§ Prompt: The records that follow should be copied out exactly, pictures excluded.

(Image-caption web data)
··········

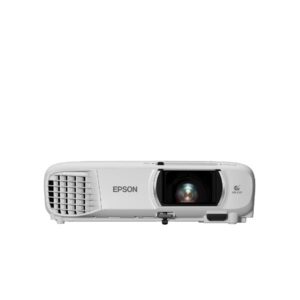Epson EH-TW750 - Full HD1080P Home Theatre Projector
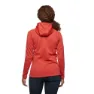 Black Diamond Women's Factor Hoody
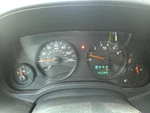 Speedometer Cluster 120 Mph With Message Center Fits 09 Compass 345550. Fixed Price $75.00.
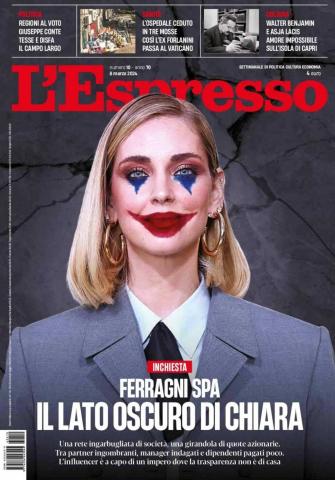 ferragni_joker.jpeg ferragni_joker.jpeg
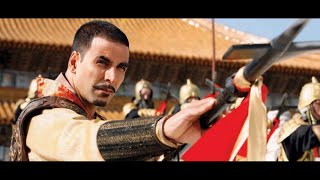 Chandni Chowk To China 2009 Full Movie HD 1080p Review amp Facts  Akshay Kumar Mithun C Deepika P [upl. by Gilda]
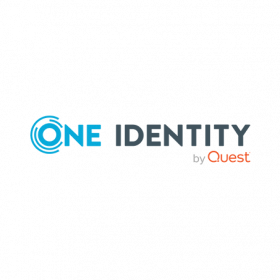 oneidentity_resize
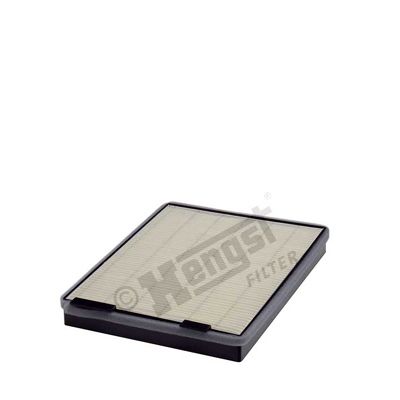 HENGST FILTER E960LI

··········

§ Response to this exercise:
Epson EH-TW750 - Full HD1080P Home Theatre Projector
 Black Diamond Women's Factor Hoody
 Speedometer Cluster 120 Mph With Message Center Fits 09 Compass 345550. Fixed Price $75.00.
 ferragni_joker.jpeg ferragni_joker.jpeg
 Chandni Chowk To China 2009 Full Movie HD 1080p Review amp Facts  Akshay Kumar Mithun C Deepika P [upl. by Gilda]
 oneidentity_resize
 HENGST FILTER E960LI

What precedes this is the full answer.